One afternoon, my colleagues and I stood in the lobby, discussing a protest that had gotten out of hand and ended with several journalists being robbed of even their shoes. The suspected diamond dealer glanced at my still-shod feet and pronounced that my black high-tops would be safe to wear to the next riot, because no one would want to steal Chucks.

Let Proust have his madeleines. I have my shoes.

I can be forgiven for trying to make my shoe habit seem intellectual, or at least cool. I take plenty of teasing about it at home. My 9-year-old daughter hides shoe catalogs from me. She feigns fear I'll spend her inheritance at the shoe shop. Hoping to shame me into restraint, she'll tell anyone who will listen: "Mommy has a lot of shoes." Most listeners probably think that means a closet full of Christian Louboutin heels. They'd be disappointed. I own nary a red sole. My tastes tend more to those high-tops, and not just in riot-ready basic black.
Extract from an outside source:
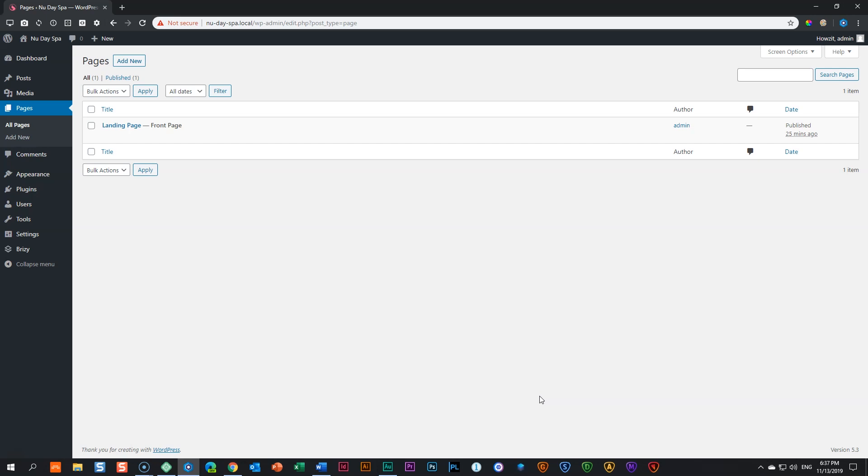Before we begin building out our first EuroBlog, we need to go and set up a few things on our page like styling. Though I have created this page, I've not set it yet to be edited with the Brizzy editor.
I sometimes need to be fast on my feet; I always need to be color coordinated.

You need only peek in my mom's closet to see that I come honestly by my shoe mania. She has a lifetime collection stacked in towers of the original boxes. Her tastes run to classic pumps and high heels. But when a young co-worker once came to her, in near tears because her own mother was insisting she buy a pair of heels – her first – for her wedding, my mom counseled her to stick with her favorite tennis shoes, perhaps with lacy ties for the occasion.

After Converse, the most represented brand in my shoe closet is Goodyear. I have several sandals fashioned from old tires, and every time I stretch on a pair I'm reminded of the inventiveness of recyclers in the developing world.

African cobblers find novel ways to loop and weave laces, creating a pattern across the foot. They incise the rubber to generate more interest by revealing black-and-white designs. A Pakistani cobbler caught my interest with a simpler method: pile the color atop soles made from tires. The straps on my Pakistani pair are dyed red and embroidered with curlicues and florets in at least as many colors as I have high-tops. I brought them back from a temporary assignment in Islamabad and proudly showed them to my landlady's daughter in New Delhi, where I was based at the time.

"Very Baluch," she said, referring to Baluchistan in southwest Pakistan. I thought, "Well, that's the point," recognizing that she hadn't meant it as a compliment. It wasn't a political statement rooted in decades of Indo-Pak tension. She just didn't like my shoes. I didn't mind. I've happily worn my wild Baluch sandals for years.

Not all my shoe tales are exotic. Or mine. Or even, perhaps, true.

My husband took me to Santa Fe, N.M., to celebrate our wedding anniversary. Naturally, we ended up at Kowboyz, with its huge selection of used cowboy boots. My husband planted himself near the cash register, chatting with the owner, while I combed shelves full of prizes in my size in the women's department. We must have been in there three hours.

I got a wonderful black-and-white women's pair. The real find for me, though, was in the men's department. A rich oxblood color, they are by Lucchese, the Louboutin of cowboy boots. The dandy who wore 'em and left 'em had tiny feet for a man. He had barely scuffed the soles. Had he spent gambling winnings on them, then sold them the next month to pay the rent? Perhaps he was a dot-com millionaire who bought them on a whim, only to find they pinched. I like to think he was a down-on-his-luck rodeo cowboy, tough and wiry, with fine boots his one indulgence. I hope he got together enough cash for an even finer pair. I wish I could thank him for breaking in mine.

Three hours is a long time to just sit surrounded by boots with stories to tell. My husband did break down and try on a pair with fabulous toes: ostrich skin dyed turquoise. He decided they pinched, and left them on the shelf. If only my particular dandy had had daintier feet.

And my daughter? I've seen her eying my Kowboyz purchases. I got her a pair of red boots at Christmas, and her face lit up when she opened the box. I think she's hooked.